*** Opening of Source data ***
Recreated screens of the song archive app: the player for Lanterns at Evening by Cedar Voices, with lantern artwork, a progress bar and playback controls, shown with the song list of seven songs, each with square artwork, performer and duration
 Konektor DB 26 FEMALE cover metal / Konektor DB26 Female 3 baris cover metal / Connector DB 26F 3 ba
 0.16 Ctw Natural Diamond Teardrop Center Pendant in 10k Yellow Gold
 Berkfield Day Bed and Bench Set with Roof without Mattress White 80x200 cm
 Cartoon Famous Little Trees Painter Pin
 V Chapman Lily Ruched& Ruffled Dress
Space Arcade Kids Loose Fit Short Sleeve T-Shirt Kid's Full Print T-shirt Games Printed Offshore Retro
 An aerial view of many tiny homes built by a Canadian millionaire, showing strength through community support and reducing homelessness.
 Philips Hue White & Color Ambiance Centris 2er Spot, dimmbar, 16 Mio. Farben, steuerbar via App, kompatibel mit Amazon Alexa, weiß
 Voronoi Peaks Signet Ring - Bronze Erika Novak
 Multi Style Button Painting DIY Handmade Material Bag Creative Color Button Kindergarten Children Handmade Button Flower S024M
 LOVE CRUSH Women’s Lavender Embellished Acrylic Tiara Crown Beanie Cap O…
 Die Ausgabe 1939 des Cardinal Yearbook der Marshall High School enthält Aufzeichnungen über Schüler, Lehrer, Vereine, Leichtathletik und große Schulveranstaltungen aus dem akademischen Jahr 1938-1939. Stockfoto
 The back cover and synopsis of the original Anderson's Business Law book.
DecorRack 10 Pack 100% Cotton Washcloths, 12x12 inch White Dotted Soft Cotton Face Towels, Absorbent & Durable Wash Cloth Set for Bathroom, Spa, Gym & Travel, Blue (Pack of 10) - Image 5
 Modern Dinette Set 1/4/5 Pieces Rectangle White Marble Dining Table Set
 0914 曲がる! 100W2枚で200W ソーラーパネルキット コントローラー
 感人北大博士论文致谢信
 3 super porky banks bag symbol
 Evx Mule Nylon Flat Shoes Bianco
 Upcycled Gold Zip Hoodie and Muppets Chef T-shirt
*** Close of Source data ***
Every entry must be duplicated exactly as it was written.

_Response to the task_:
Recreated screens of the song archive app: the player for Lanterns at Evening by Cedar Voices, with lantern artwork, a progress bar and playback controls, shown with the song list of seven songs, each with square artwork, performer and duration
 Konektor DB 26 FEMALE cover metal / Konektor DB26 Female 3 baris cover metal / Connector DB 26F 3 ba
 0.16 Ctw Natural Diamond Teardrop Center Pendant in 10k Yellow Gold
 Berkfield Day Bed and Bench Set with Roof without Mattress White 80x200 cm
 Cartoon Famous Little Trees Painter Pin
 V Chapman Lily Ruched& Ruffled Dress
Space Arcade Kids Loose Fit Short Sleeve T-Shirt Kid's Full Print T-shirt Games Printed Offshore Retro
 An aerial view of many tiny homes built by a Canadian millionaire, showing strength through community support and reducing homelessness.
 Philips Hue White & Color Ambiance Centris 2er Spot, dimmbar, 16 Mio. Farben, steuerbar via App, kompatibel mit Amazon Alexa, weiß
 Voronoi Peaks Signet Ring - Bronze Erika Novak
 Multi Style Button Painting DIY Handmade Material Bag Creative Color Button Kindergarten Children Handmade Button Flower S024M
 LOVE CRUSH Women’s Lavender Embellished Acrylic Tiara Crown Beanie Cap O…
 Die Ausgabe 1939 des Cardinal Yearbook der Marshall High School enthält Aufzeichnungen über Schüler, Lehrer, Vereine, Leichtathletik und große Schulveranstaltungen aus dem akademischen Jahr 1938-1939. Stockfoto
 The back cover and synopsis of the original Anderson's Business Law book.
DecorRack 10 Pack 100% Cotton Washcloths, 12x12 inch White Dotted Soft Cotton Face Towels, Absorbent & Durable Wash Cloth Set for Bathroom, Spa, Gym & Travel, Blue (Pack of 10) - Image 5
 Modern Dinette Set 1/4/5 Pieces Rectangle White Marble Dining Table Set
 0914 曲がる! 100W2枚で200W ソーラーパネルキット コントローラー
 感人北大博士论文致谢信
 3 super porky banks bag symbol
 Evx Mule Nylon Flat Shoes Bianco
 Upcycled Gold Zip Hoodie and Muppets Chef T-shirt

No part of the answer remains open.